Our error is to attempt to think outside networks, to pay attention only to the “visible” products and to forget the invisible infrastructures. In consequence, we no longer know how (or where) to situate the subject and its “contents”. Certainly not inside, as interiority is not a given, it is manufactured. Our problem is one of attention, we do not notice the networks that engender the psyche. So we must return to the “original experience” of this mode of existence: emotion. Emotion is a form of crisis and transit, where our interiority is in the grip of what feels like an outside force. It invades us, takes possession of us for a certain time and carries us away, transforming our reactions, and then leaves us changed for better or worse.
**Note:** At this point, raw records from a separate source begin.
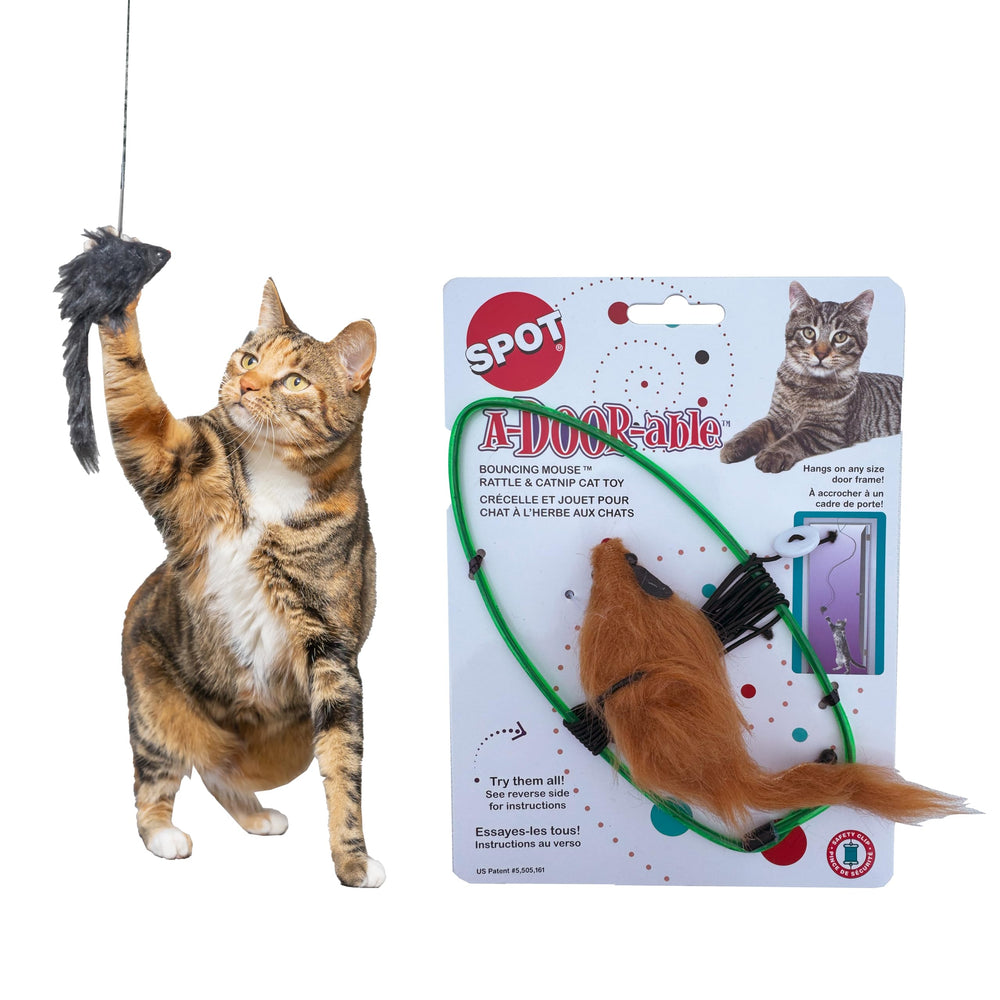 SPOT A-Door-Able ratón rebota colgante para puertas, diversión felina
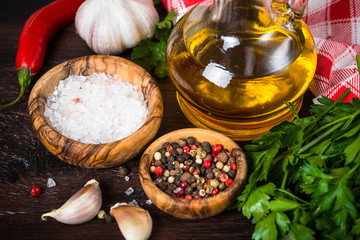  Ingredients for cooking on wooden background.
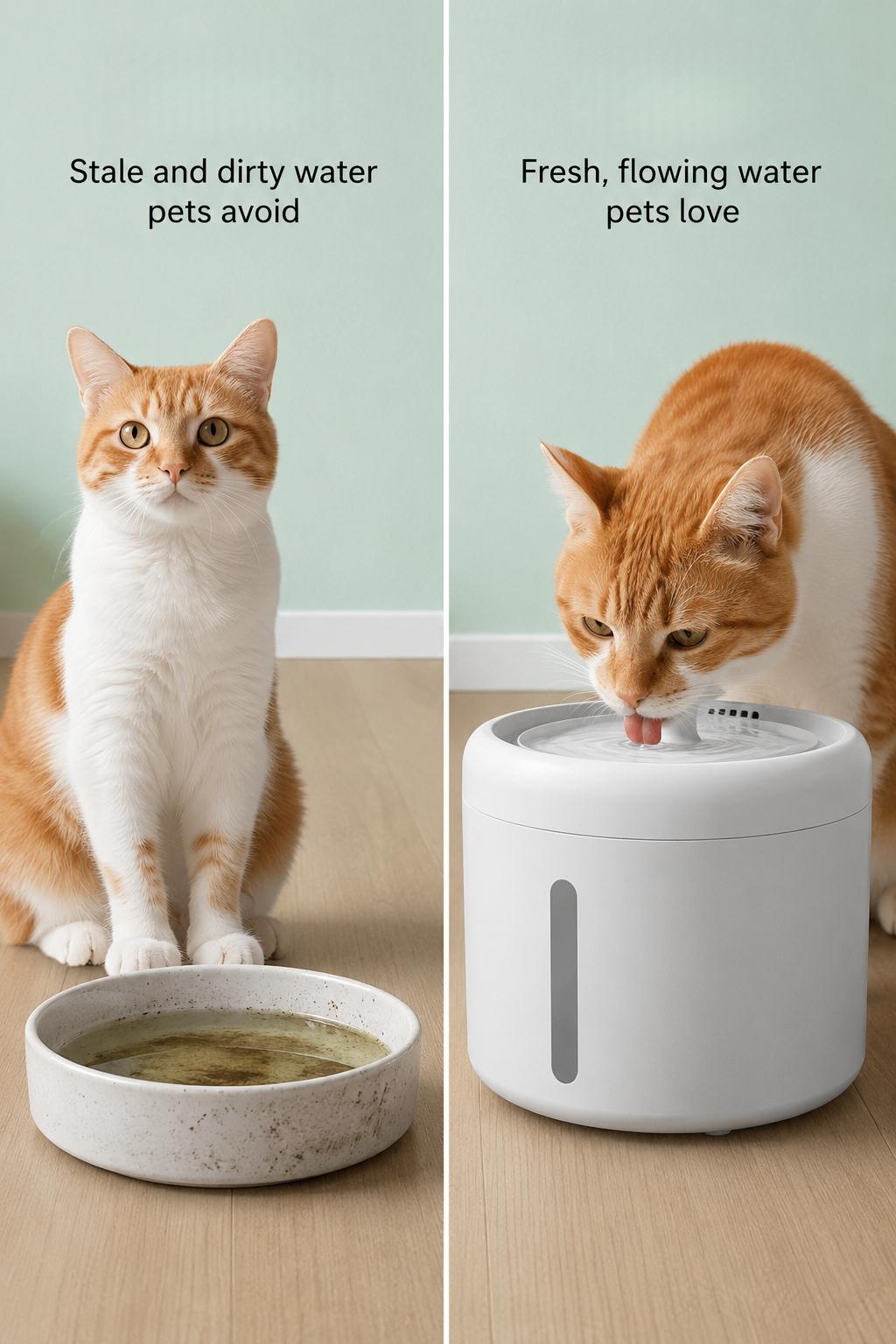 Smart Pet Water Fountain, 2L Circulating Flowing Water Dispenser with 4-Stage RAM Filtration, Silent Pump, Stainless Steel Tray, Spill-Proof Bowl, Hydration Boost Pet Feeding Accessory for Cats & Dogs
The modern self is a contradictory relation between the belief in an autonomous authentic indvidual subject alone in an objective world devoid of meaning, and the swarm of entities that are actually necessary to its fabrication and continual modifications. Caught in the repressive process of avoidance of these outside forces and of denial of their existence, the moderns have produced a vast array of therapeutic arrangements authorising their acknowledgement as inner facts susceptible to various forms of manipulation.
Latour affirms that an ethnopsychiatric approach to therapeutic situations gives us the best insight into the existence of these invisible beings and into the skill needed in dealing with them. We already have such a skill constructed over our many contacts with these invisible beings. We know how to deviate and deflect their forces to other targets and gain their energy for going on in life. These beings can transform us, alientaing or inspring us in uncanny ways. They metamorphose themselves too, so this is why they are “invisible”, they do not have the persistence of the beings of reproduction, they do not belong to their régime of visibility and of stability. They do not inhabit the same networks. But they are real nonetheless.
Thus in Latour’s system and in Tobie Nathan’s practice these invisible beings are quite real, although perhaps not in the way that those who consciously believe in their existence may suppose. Their scope is not just therapeutic but ontological, foregrounding by means of their own proprties of metamorphosis and invisibility the alteration that characterises the form of ontological pluralism that Latour advocates, which he calls “being-as-other”.
Latour acknowledges the existence of invisible beings, of forces, powers, divinities and demons that do not take us as unified persons; he emphasises the importance of psychic processes, of incorporeal metamorphoses, transformations, transmutations and becomings that oblige us to take being as alteration and repetition as difference. This is the language of affects and intensities that was developped by both Deleuze and Lyotard, but Latour does not give them ontological primacy, as Deleuze and Lyotard did at a certain moment. They constitute one mode of existence amongs many, and the pluriverse does not repose on this mode alone. Latour also breaks away the jargon-filled Freudo-Marxist conceptual field that complicated this ontology and burdened it with a heavy-handed academic style. By renewing our theoretical vocabulary and references Latour has freed us from antiquated connotations and other dogmatic residues of the last century’s philosophical combats.